I am in a lurch and it's a bit of a story but I'll try to sum it all up. Here is a little about my X.
2001 Explorer XLS with < 260,000 on it.

This all started from what I thought were bad front wheel bearings and a very unsettling movement in the steering. I initially replaced both front wheel hub bearings as well as the upper control arms on both sides. (I don't know if they were bad yet but they soon would be as I noticed the boots were torn).

Test drive and it's 85% better except for a HOWLING from the back.

Rear end driver side wheel (99% certain it was bad bearing). I thought about this long and hard because I know how tough they are to deal with. It wasn't something I felt comfortable tackling so I looked into having a shop do it. (We all know how expensive that is..) I wasn't keen on paying that much for it because of the mileage on the thing and my concern was a month later the passenger side would start going out, etc.

Sooo... after much internal debate, I decided perhaps I should just get a whole different axle assembly and solve many problems at once. I was torn between a re-manufactured and a used one with a 5 year warranty. Well, I chose to go with the used because it was about $500 cheaper. (Hindsight.... sigh).


As I began this process, I realized that if I was doing the axle assembly than it would be wise to replace the shocks, u-bolt mounts, leaf spring shackles, bushings, since I am in there anyway.

So I did all of those. Then I get the new axle installed. (Note: Axle is 45 - 8.8 3.55 ratio)

My first test drive of it was less than a block. The passenger rear wheel bearing is fried from what I can tell. It was grinding something awful and when I got it back in the garage and hand spun that wheel and I can almost feel the gears clicking as it spins. "dunk-dunk-dunk-dunk-dunk". I don't know what else it would be other than a bad bearing.
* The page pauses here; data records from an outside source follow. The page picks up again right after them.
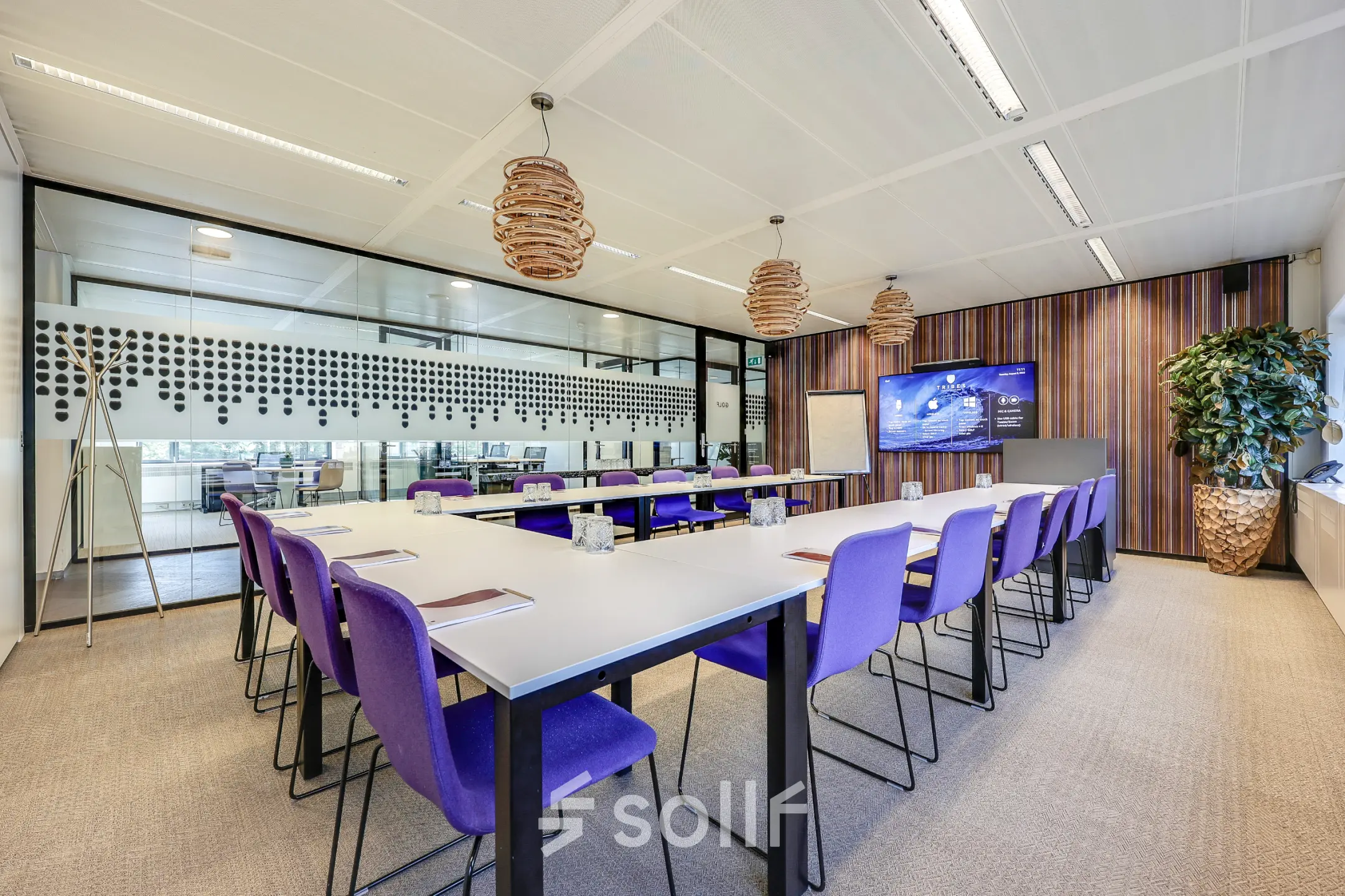 Vergaderruimte met paarse stoelen en grote tafels in een modern kantoorgebouw aan Prins Bernhardplein 200, Amsterdam Amstel. Ruime opzet met scherm en stijlvolle verlichting.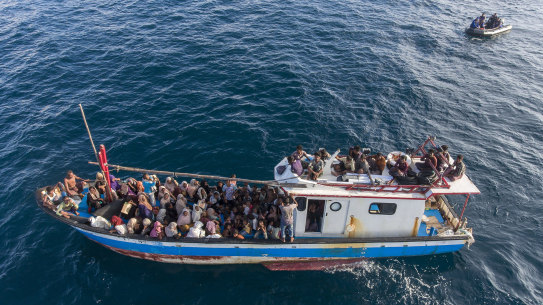 A boat carries ethnic-Rohingya off North Aceh, Indonesia, on June 24.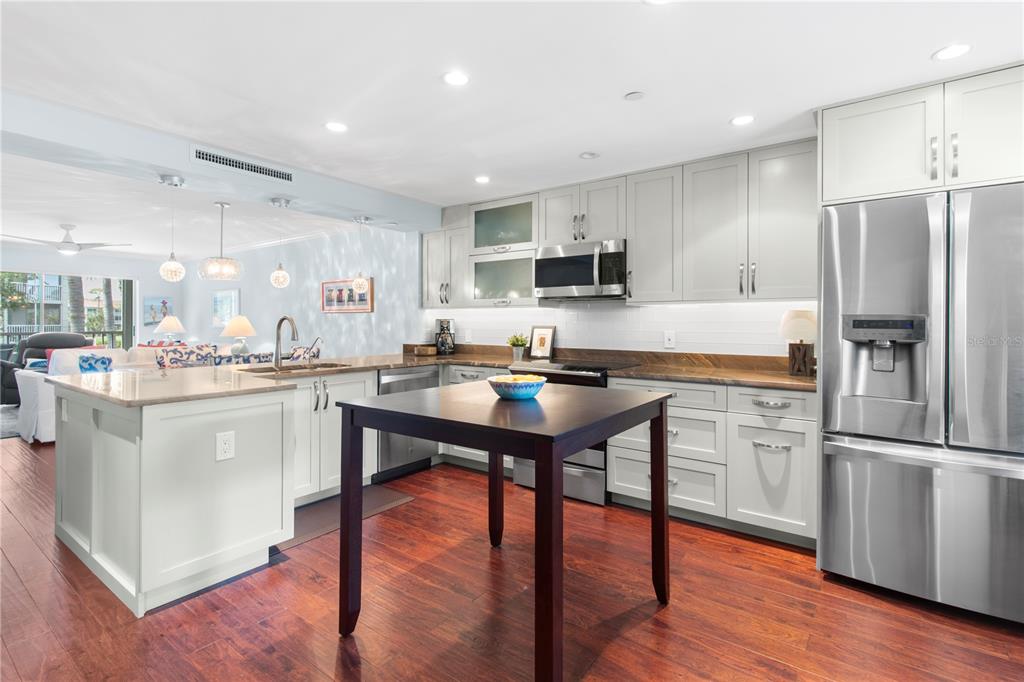 A kitchen features light gray cabinets, stainless steel appliances, a dark wood island, and hardwood floors — 9320 CLUBSIDE CIRCLE UNIT 2201, SARASOTA, FL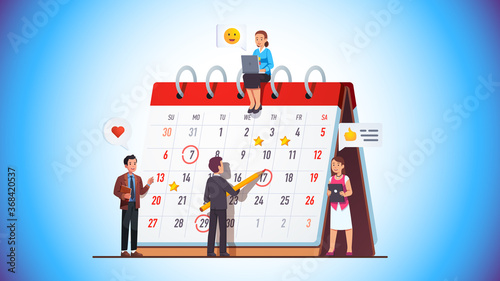 Business team drawing day mark on planner meeting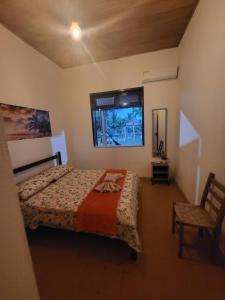 a bedroom with a bed and a window and a chair at Chácara Amsterdam in Aracaju +26 photos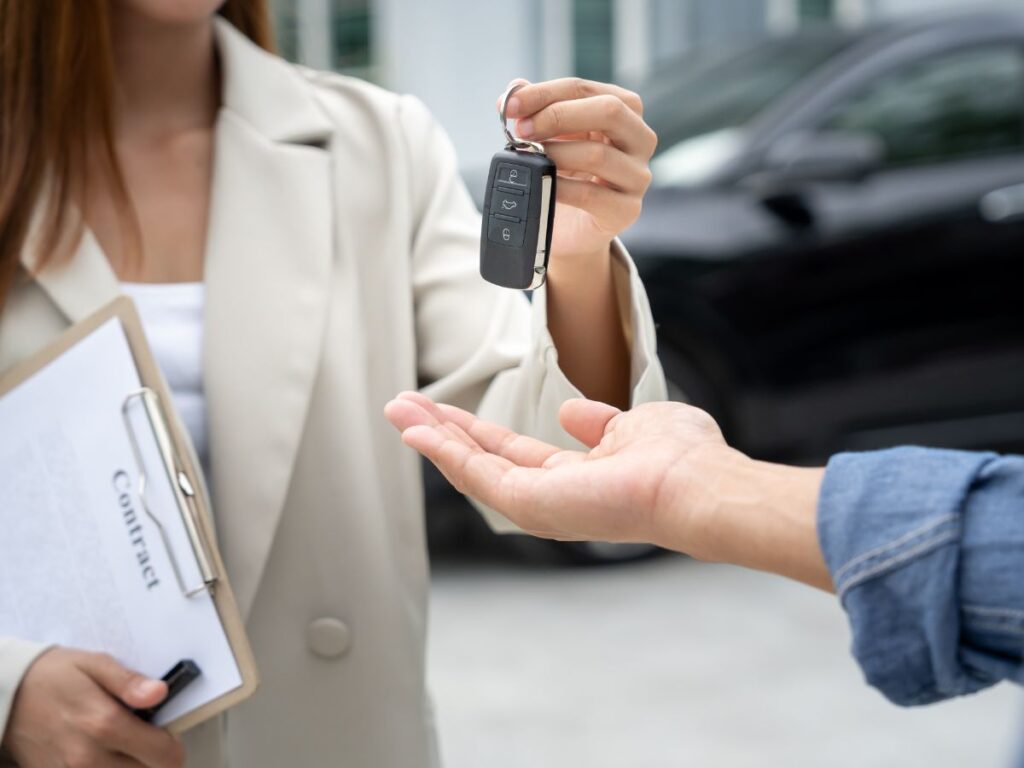 Person handing a car key fob to someone holding out a hand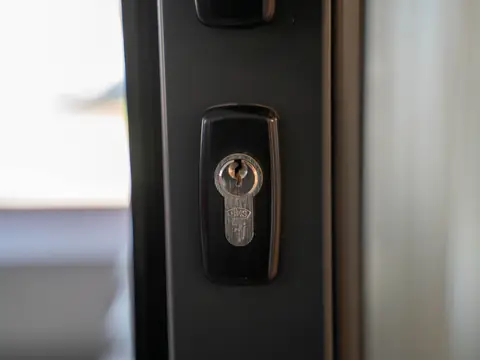 A lock cylinder in the edge of a dark door, close up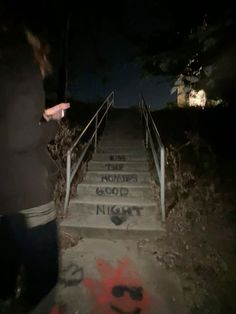 a person walking up some stairs with graffiti on the steps and handrails at night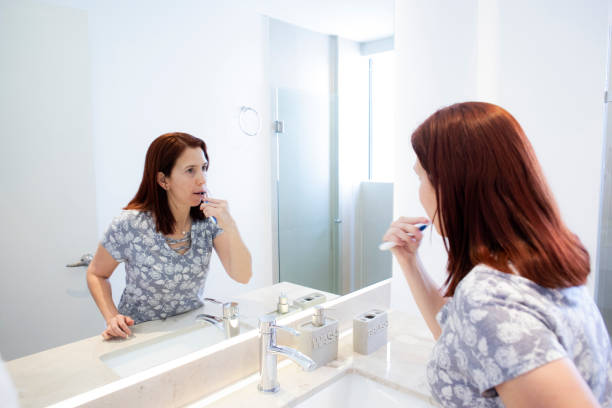 istock Woman brushing her teeth 1483327179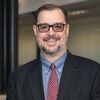 Portrait of Tom Pace, Associate Professor at John Carroll University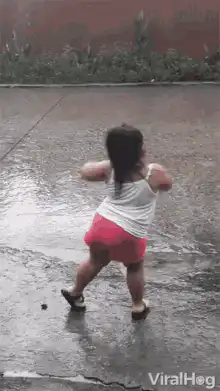 Toddler dancing in the rain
I go and do some reviews and find out the company I bought this from is notorious for supplying junkyard garbage to people.... great. So I will need to deal with that.

Here is where I am at now though... What is the most logical way of getting this resolved now for the cheapest? I'm literally trying to close on my house November 2nd, so I am strapped.

I have my old axle assembly sitting in the corner of the garage. I know nothing about differentials or gears or pinions or any of that. However, it's definitely more accessible than it was on the car... Do I go about removing both sides and replacing those bearings out somehow and then putting it all back together and swapping it back in?

That seems like the best plan to me but I haven't the foggiest on where to even start.. I found a few tutorials but the pics are long gone. :/

Half of this was a vent.. sorry. Hah.

Thanks in advance for any advice.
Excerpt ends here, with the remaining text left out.